Anioł Pański jest to jedna z modlitw, którą Kościół w każdym katolickim kraju przypomina po wsiach i miastach trzy razy na dzień. Taką chwilę apelu za zmarłych w czasie pracy na polu utrwalił Millet na jednym ze swych obrazów. Dzień mocno pochylił się ku wieczorowi. Zbliżające się ku zachodowi słońce rumieńcem okryło drobne chmurki i część seledynowego nieba, wyraźnym cieniem zaznaczając widniejące na horyzoncie budynki wiejskie, kościół z dzwonnicą, domy otoczone drzewami. Na pierwszym planie stoją młody mężczyzna i kobieta. Głos sygnaturki doszedł do ich uszu, więc przerwali pracę - kopanie ziemniaków - i razem zaczęli się modlić. On zatknął motykę w ziemię, ona pozostawiła taczkę z workami ziemniaków, podczas gdy pomiędzy nimi stoi jeszcze nie napełniony kosz. Mężczyzna pochylił głowę, kobieta złożyła ręce do modlitwy i głowę mocno zgięła wyrażając tym duże skupienie. Z ust ich płynie błagalna modlitwa: Anioł Pański - Zdrowaś Maryjo i Wieczny odpoczynek.
Myśl o zmarłych silnie kontrastuje tu z tym, co widzimy na obrazie. Dwoje ludzi w rozkwicie wieku, zdrowych i czerstwych o pokrytych różem zachodu policzkach, przerwało na moment pracę w ostatnich chwilach zbliżania się jej do końca. Ta znojna praca na roli dająca chleb życia dla rodziny i zapewniająca codzienny pokarm milionom ludzi została na chwilę przerwana, gdyż zmarli też, nie mniej od żywych, potrzebują chleba - modlitwy, która im da łaskę Bożą.

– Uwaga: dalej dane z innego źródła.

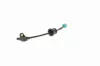 Sensor, Raddrehzahl Hinterachse links Hinterachse rechts VEMO V51-72-0070 Bild Sensor, Raddrehzahl Hinterachse links Hinterachse rechts VEMO V51-72-0070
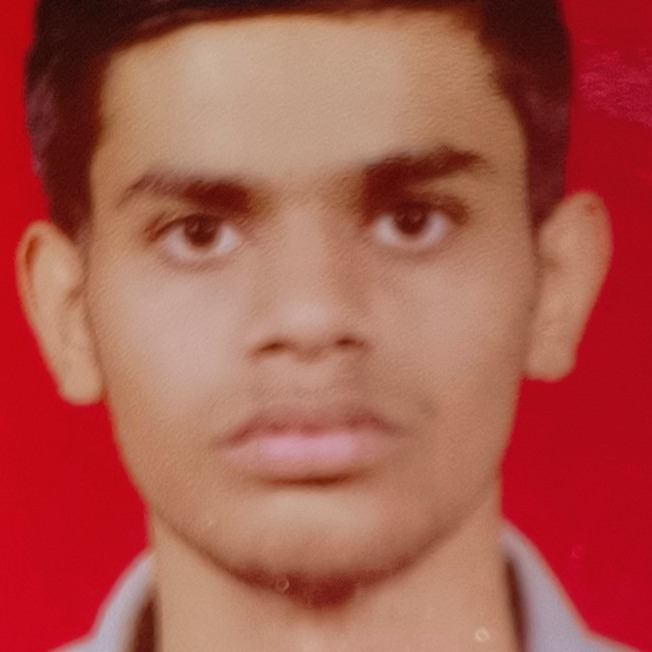 Abhimanyu Singh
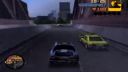 Gta 3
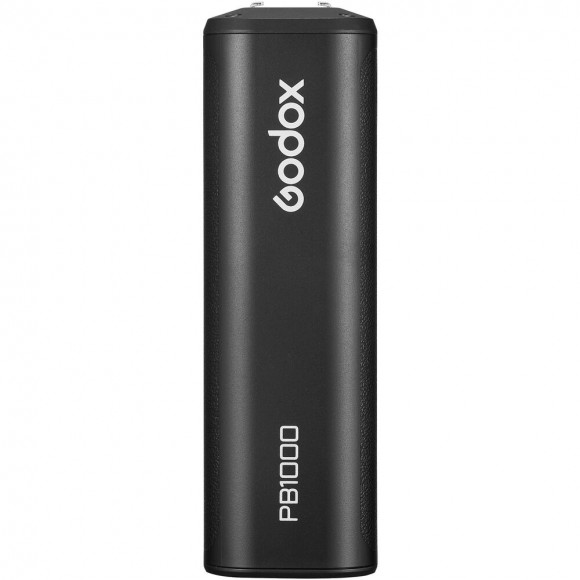 Godox PB1000 Power Pack for AD200 &V1Pro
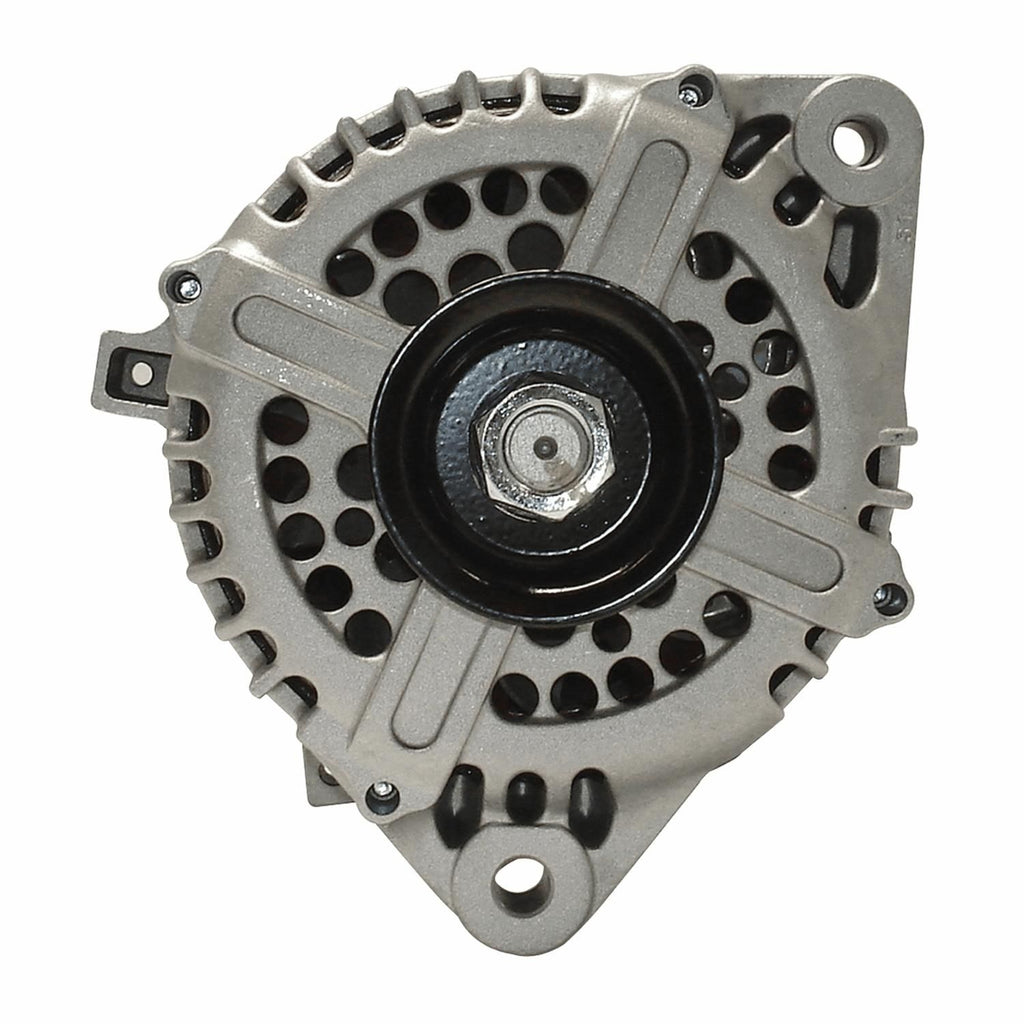 Alternator 14899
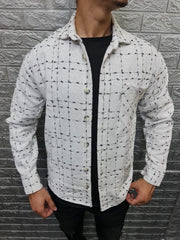 CHEMISE PLUS BARKOD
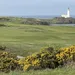 Lopen na Turnberry ook andere banen van Trump gevaar?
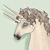 :icongimmicalimpact:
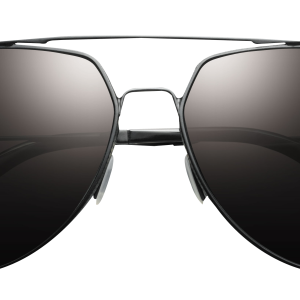 Sunglasses PNG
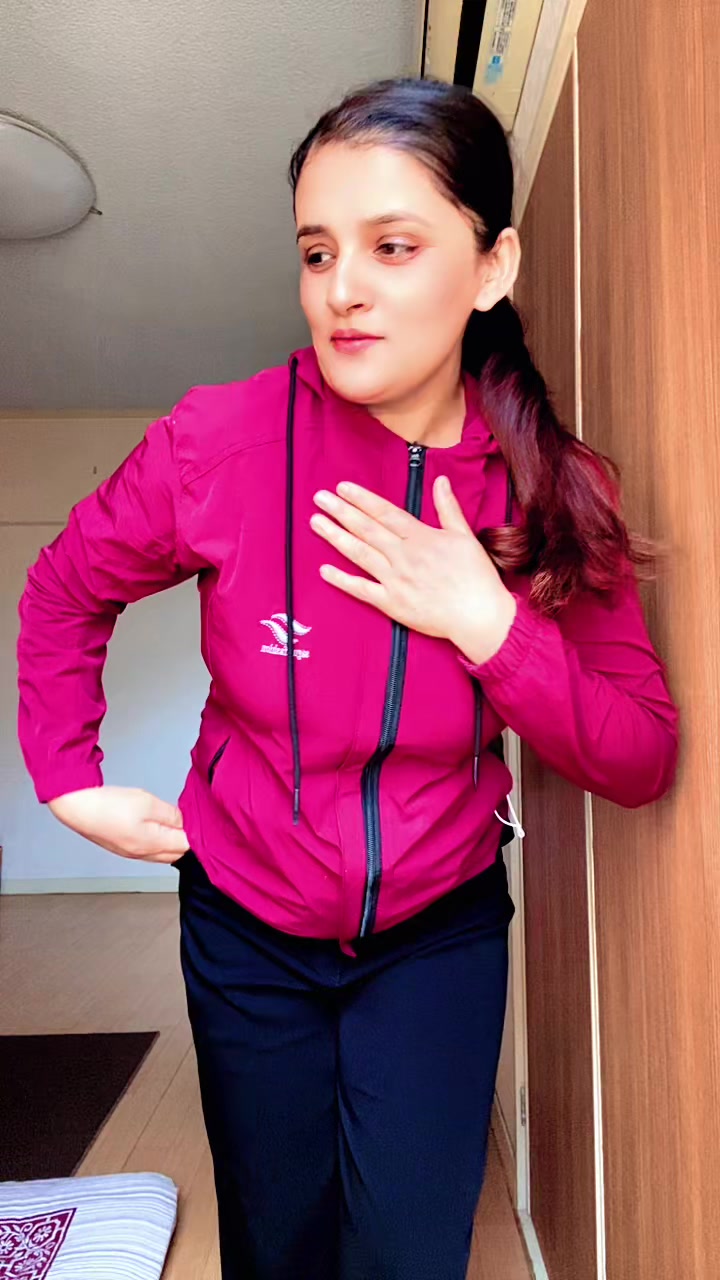 @kopila🇳🇵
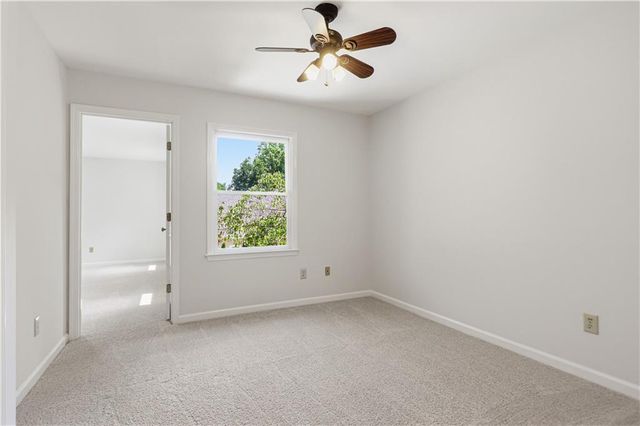3044 Eagle Watch Drive, Woodstock, GA 30189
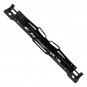 2PC Wheel Alignment Tool Toe Plates Toe Alignment Tool Plates Kit for Jeep Axle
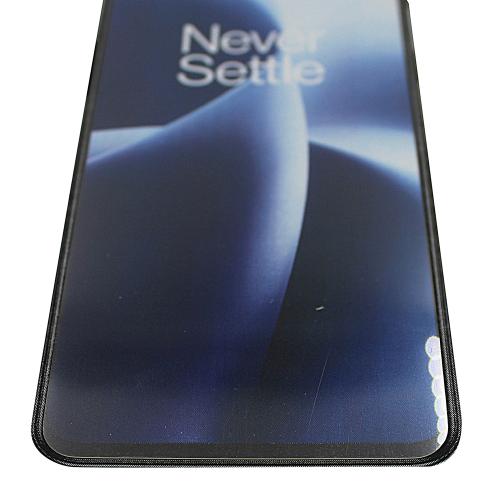 billigamobilskydd.se6-Pack Screen Protector OnePlus Nord 2T 5G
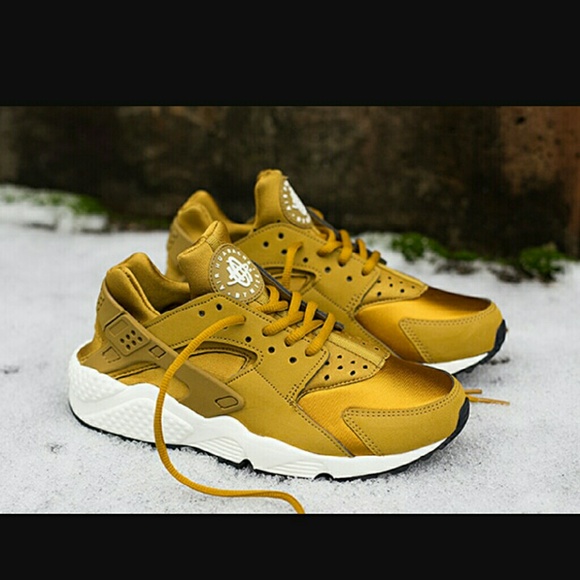 Huaraches
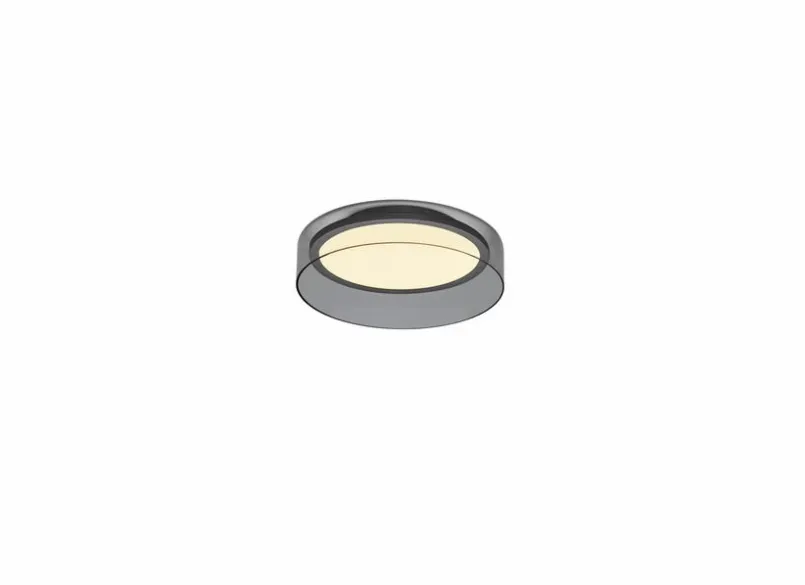 LED-Deckenleuchte Flair<Bankamp Sale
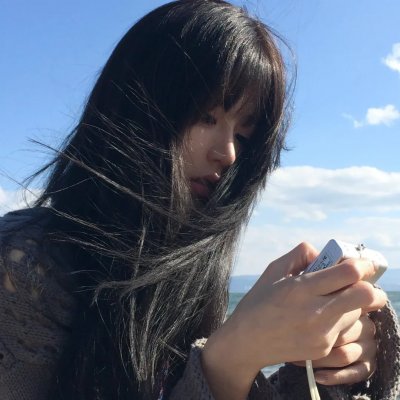 人头豆腐汤 海报
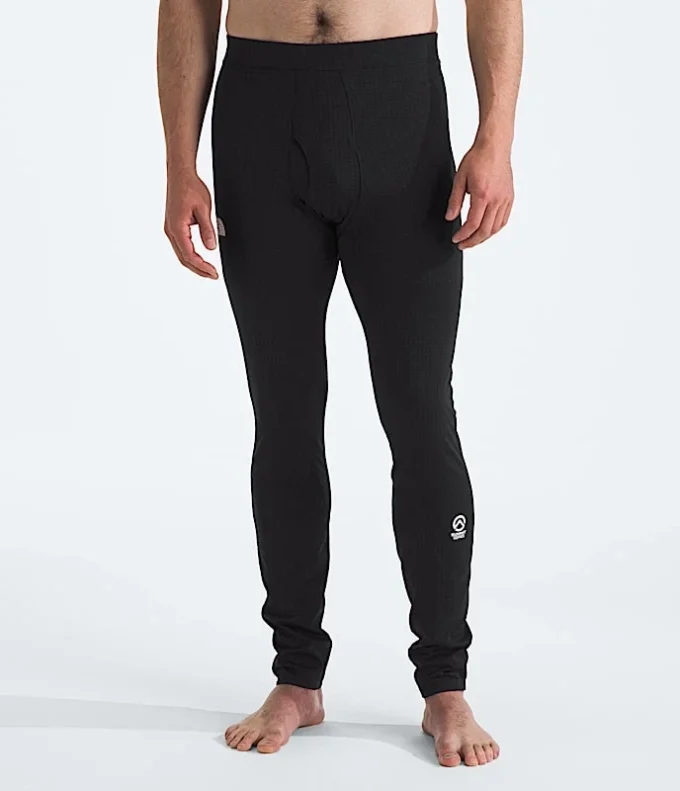 Summit Series Pro 120 Tights für Herren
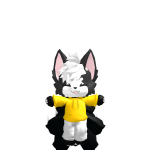 @Oreo_TheMcFurry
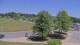 Andover, Massachusetts Mi. 3.6.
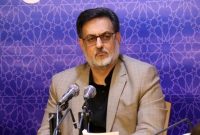 تشکیل پرونده قضایی برای توهین کنندگان به شهدای حادثه تروریستی کرمان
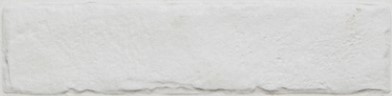 J85888 TRIBECA WHITE BRICK 6*25 RHS (Rondine) Ceramiche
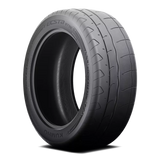 01-2284073-Kumho-Ecsta V730-245/35R19-Tire-Image01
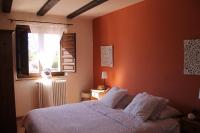 Apartamento Deluxe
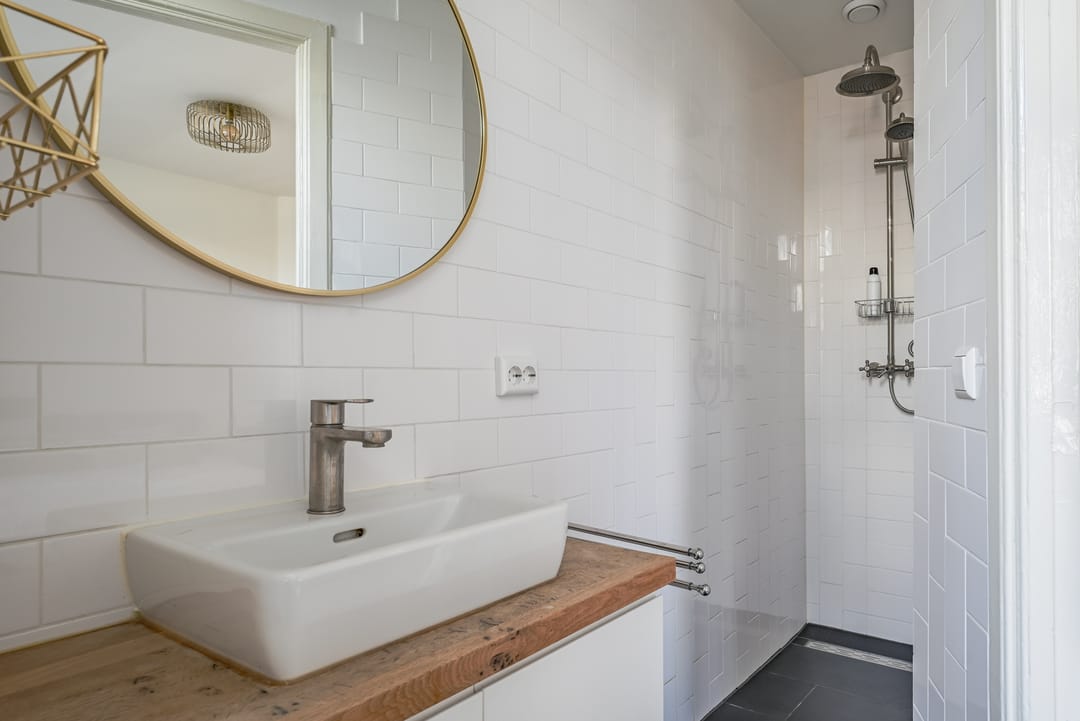 Foto 22 van Dr. de Visserstraat 28-B01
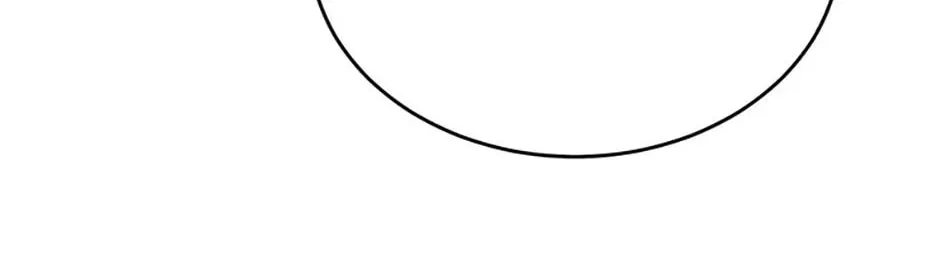 Chapter 56 - Image 58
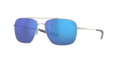 Costa Del Mar 6S6002 Canaveral Sunglasses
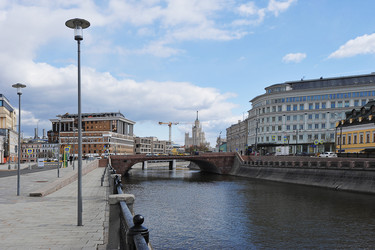 Similar image 21549128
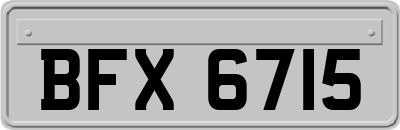 BFX6715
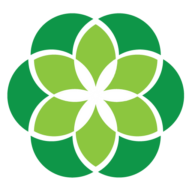 Karma Biotechnologies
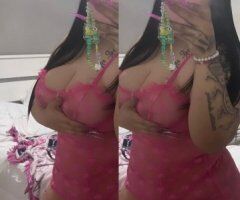 Thick Latina Ready To Play 💦 - 22 - Image 3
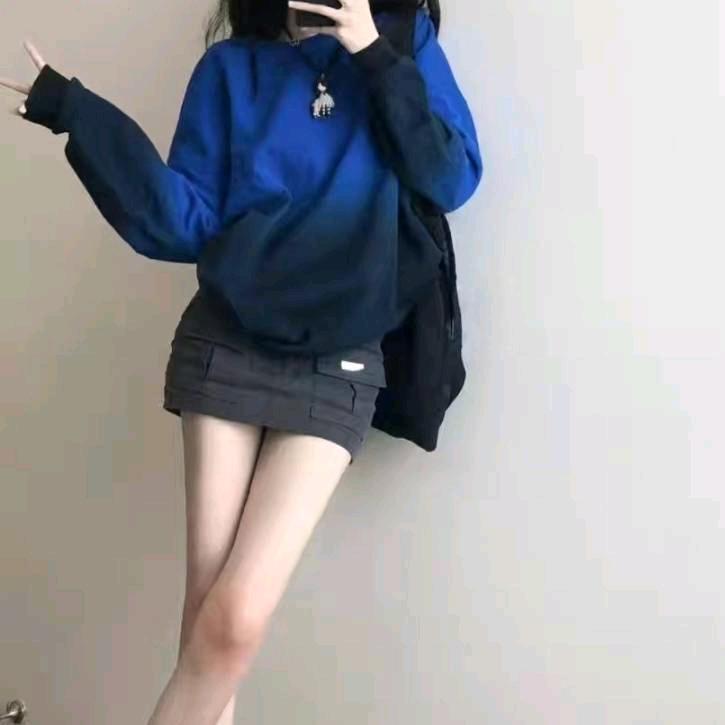 💞伊人✨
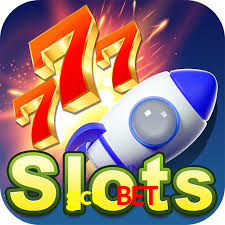 Bônus Diários gcc bet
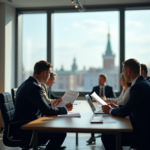 Наглядный пример к статье "Закупки ограниченного доступа: Эксклюзивное обучение в Челябинске"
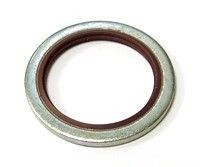 ELRING Seal, oil drain plug Article number: 153.260 cheaply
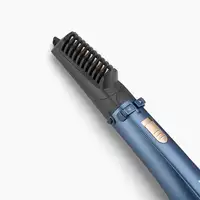 BABYLISS AS965E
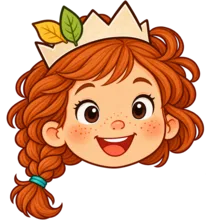 Nora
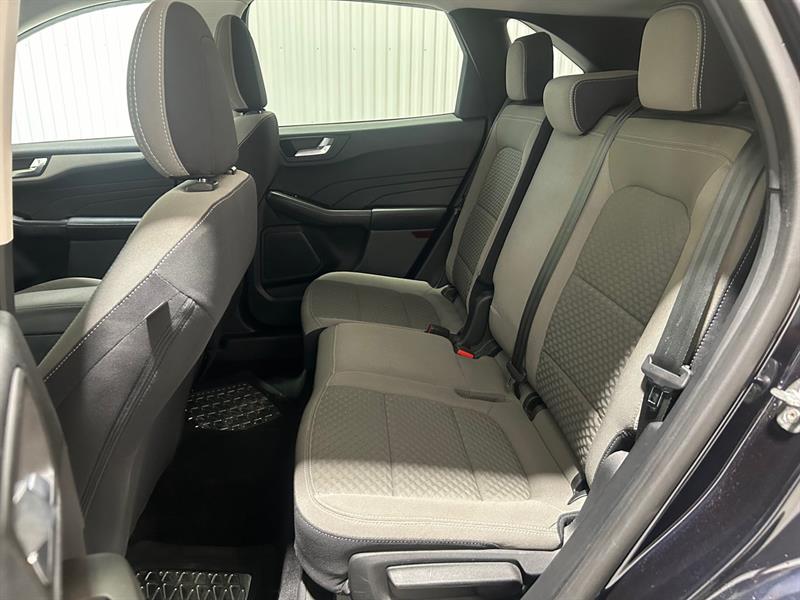 ford Escape 2021 - 15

Polski poeta Kazimierz Przerwa-Tetmajer, wsłuchując się w zharmonizowaną muzykę dzwonów, wplótł w nią pełne wdzięku i poezji słowa Pozdrowienia Anielskiego: „Na Anioł Pański biją dzwony, niech będzie Maria pozdrowiona, niech będzie Chrystus pozdrowiony...”.
Odgłos dzwonu jest więc tu bodźcem do modlitwy. I rzeczywiście tak jest. Oto na Anioł Pański bije dzwon w mieście lub na wsi. Jak różne, sprzeczne nieraz myśli i uczucia on budzi. Jedni wspominają zmarłych i pamiętają o nich, z radością witają jego głos i natychmiast zachęcają się wzajemnie do modlitwy (trzy Zdrowaś Maryjo i Wieczny odpoczynek). Kończą modlitwę z przyjemnym uczuciem spełnionego długu wobec najbliższych i dalszych. Inni ociągają się nieco, a tymczasem same dzwony się modlą: rozkołysane, tętniące nawołują głosem martwej natury nie tylko do oddania czci Bogu, ale i do modlitwy za wszystkie od wieków zmarłe pokolenia. Wszak większość tych, którzy ten świat opuścili, byłaby tej pomocy modlitewnej pozbawiona gdyby nie apel dzwonów, który nawołuje, przypomina i poleca modlitwy za wszystkich zmarłych.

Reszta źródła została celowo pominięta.